Of the three, NYC SEHSs are the least racial balanced to population due to their one-score entry process. Chicago is considered the best balanced (only one to use the Tier system.) The article also points out that we have the most SE highs schools (and the highest % of students enrolled in SEHSs.) Boston has only 3 SEHSs and is pretty well balanced, despite the lack of using race/socio-economic status. Perhaps having fewer schools impacts this in some way?
The city admit students to their selective high schools via a one-test-score system. No Tiers, no grades, no standardized test. It all comes down to how well you do that one day on that one test.
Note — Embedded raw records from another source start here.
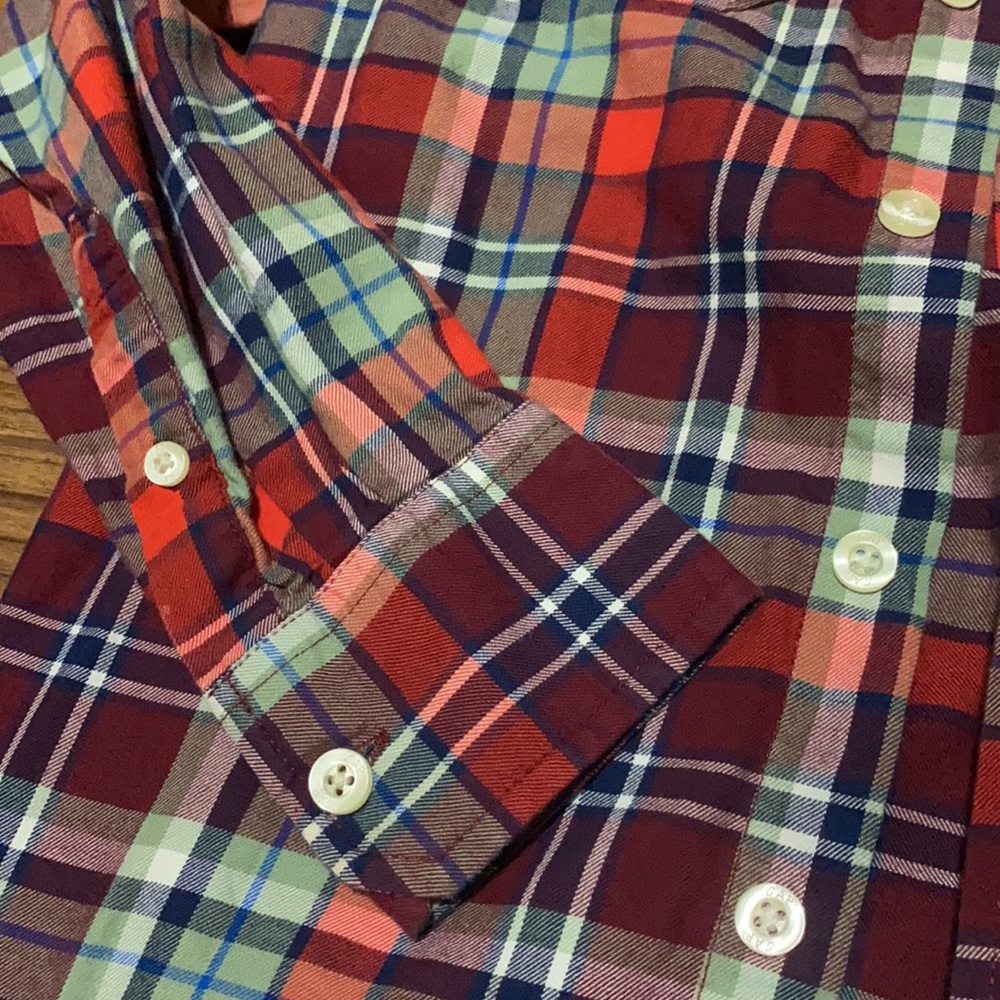 Gap plaid button down - Picture 3 of 4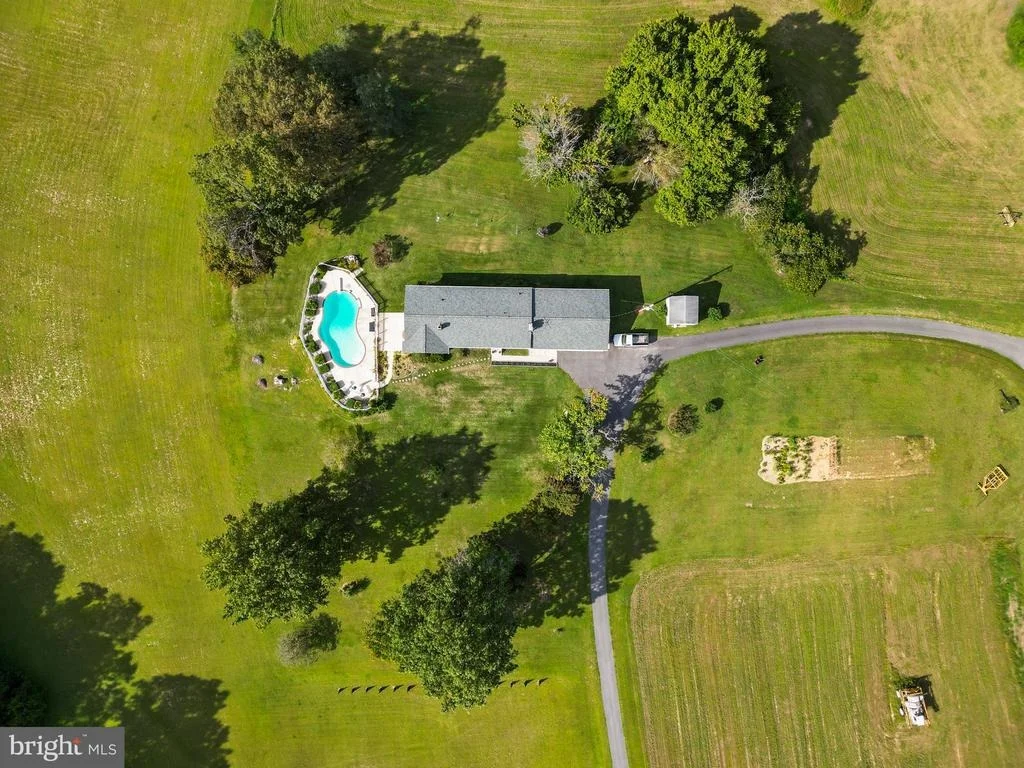 Photo of 15701 BALD EAGLE SCHOOL ROAD
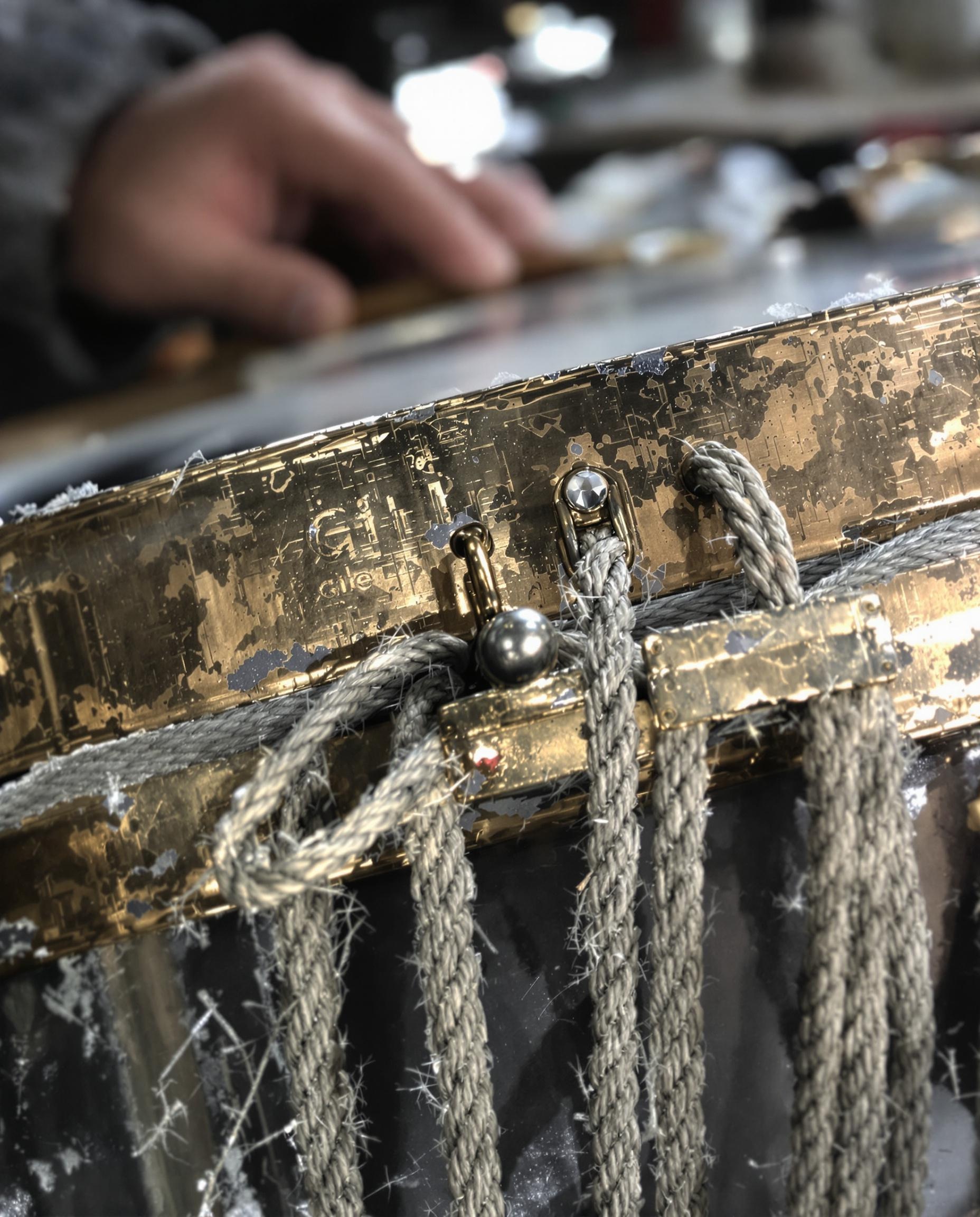 Inspection d'un tambour de Gille d'occasion avec cercle bosselé et cordage usé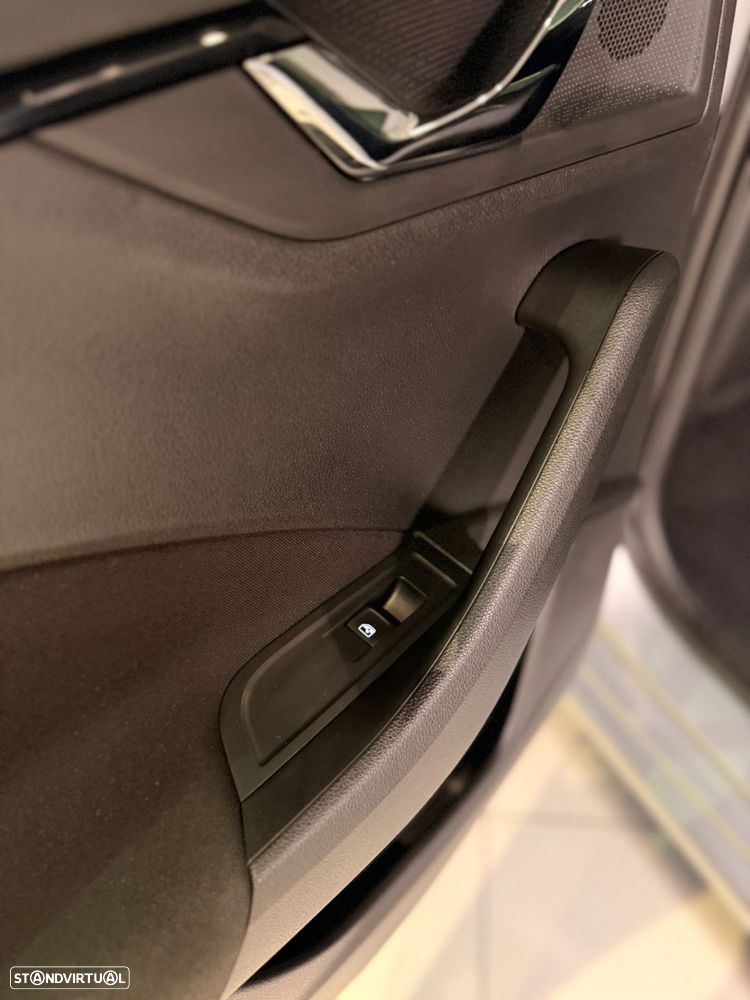 Skoda Scala 1.0 TSI DSG - 33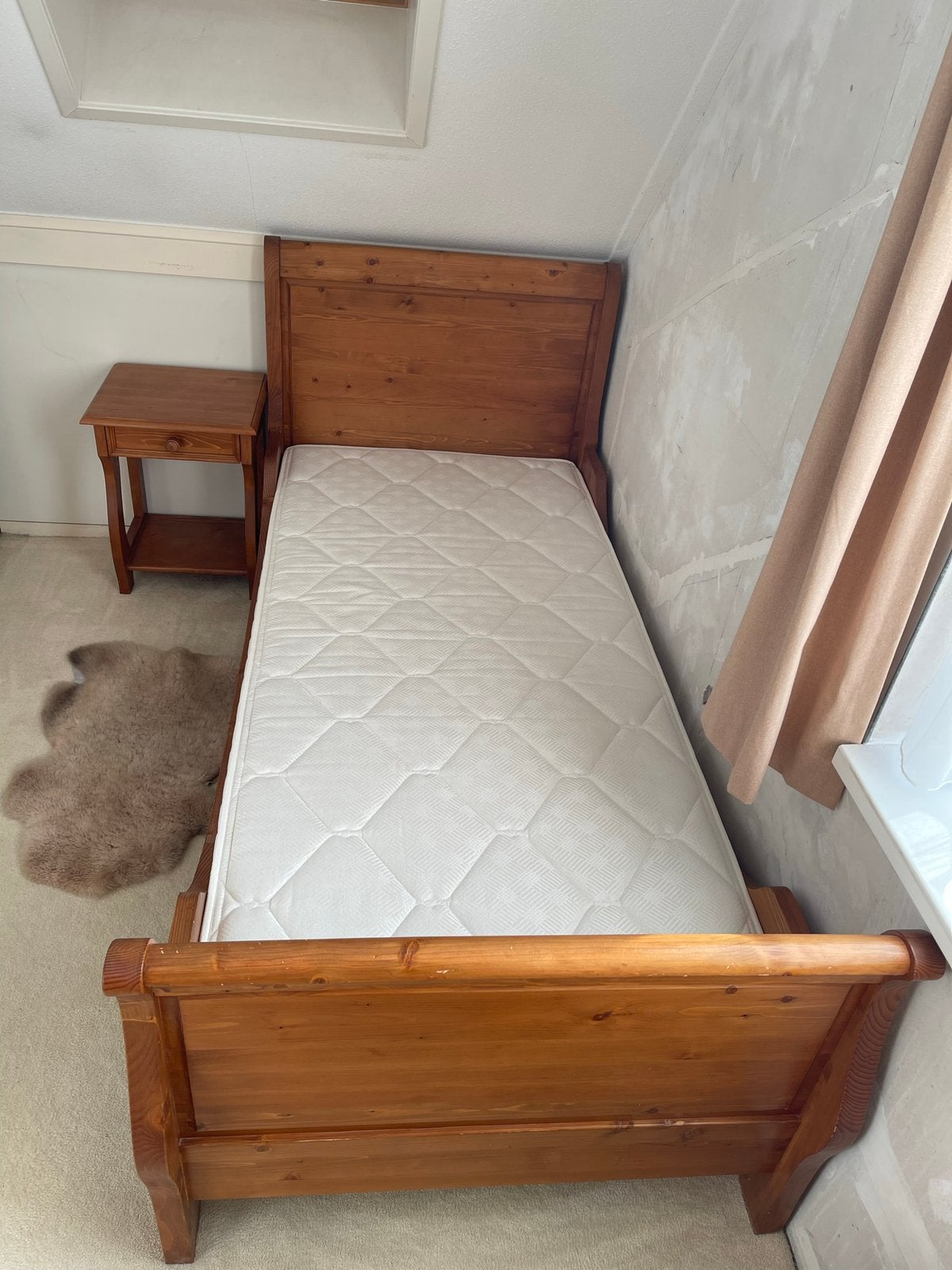 Mooie complete grenen slaapkamer meubels, Ophalen, Zo goed als nieuw, Eenpersoons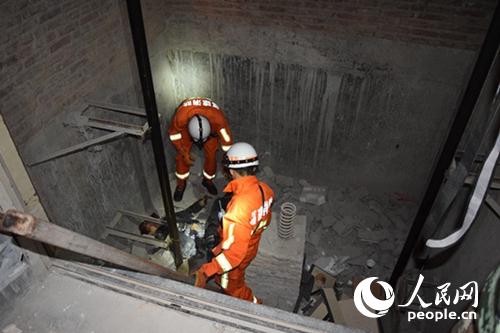 工人墜入電梯井底部 福建德化消防成功解救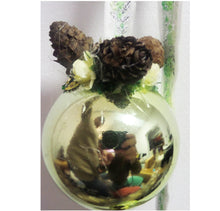 Încărcați imaginea în Galerie, Ghirlanda Decorativa de Craciun Agatat din Globuri Brad Pom de Usa Verde Pal
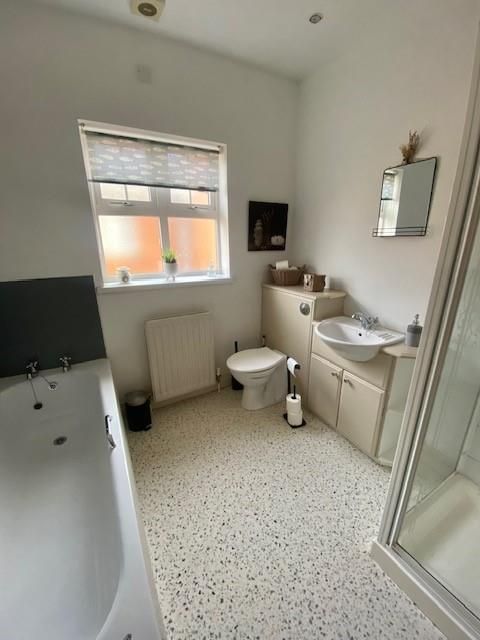 Property photo 1 of 7 Bathroom.Jpg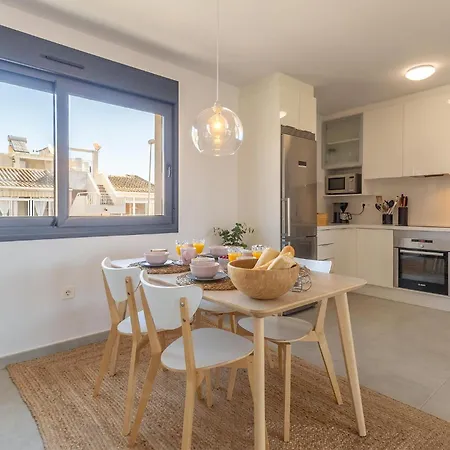 Cozy In Lägenhet Torrevieja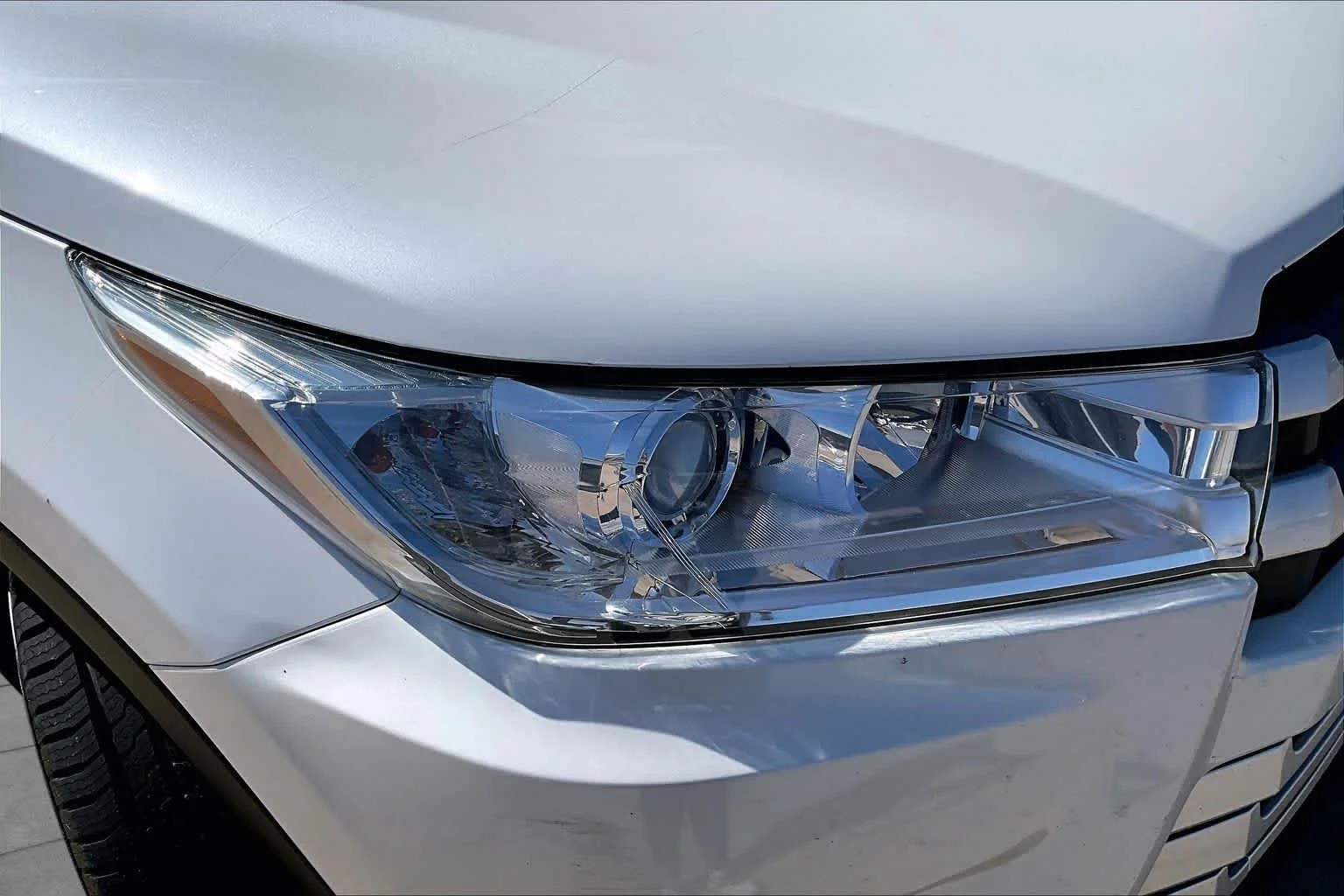Used 2017 Blizzard Pearl Toyota LE image 27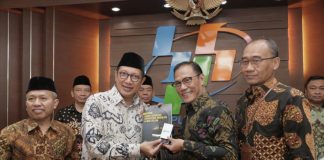 Kepala BPS Suhariyanto (kedua dari kanan) menyerahkan Laporan Hasil Survei Kepuasan Jemaah Haji 2019 kepada Menag, Kamis (17/10/2019). Foto: Kemenag.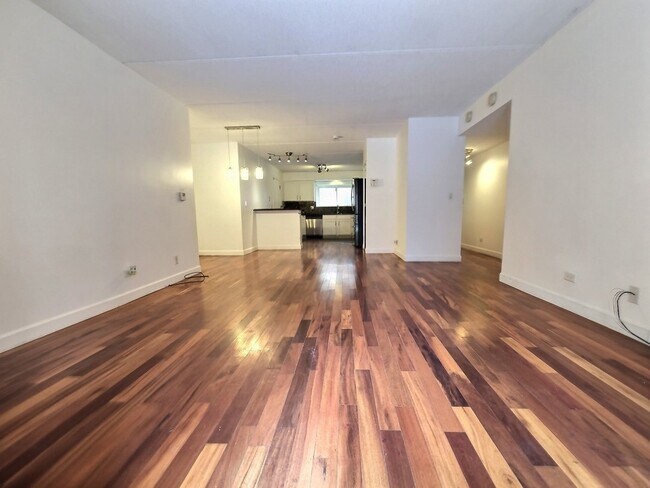 Building Photo - 8710 W Evelyn Ln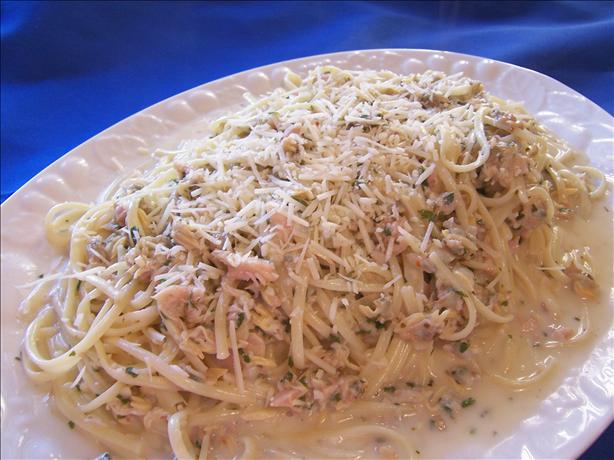 Easy Linguine  and Clam Sauce. Photo by *Parsley*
This article points out: “Tweaking the exam is about all the power that the City can exercise over the admissions policy to its specialized high schools. The test-only mandate for entry has been enshrined in state law since 1972. De Blasio, though, spoke about altering the admissions process to these schools as a mayoral candidate and has followed up similarly since taking office. He has expressed a belief that a single multiple choice test can not adequately measure a young person’s potential and a vision for more diverse student bodies at these elite schools.”
We’ve discussed Stuyvesant HS in NYC before, which has a very high percentage of Asian students (something like 70%?!?). According to this chart, Asian students dominate the entire NYC selective high school system, comprising 60% of students vs. 15% of the population. Impressive! Conversely, Af-Am and Hispanic students are getting very few SEHS seats in NYC. I’d be curious to see how racial makeup would look in Chicago if we just used the one admission test.
The article has a very good/simple/accurate description of the progress of the admission system in Chicago. If you’ve ever wondered about that, check out the link.
Use this thread to ask questions, post news about open houses (any type of high school) and share testing info.
I’ll try to get more open house dates from the other (non-SEHS high schools) to post.
In the meantime, SEHS Open House dates are above.
Man, that can take up a LOT of time! Choosing the early test option (that allows your child to know their score early) can help make the touring process more efficient as you may be able to eliminate certain schools from your repertoire (and may want to include others to widen your net.)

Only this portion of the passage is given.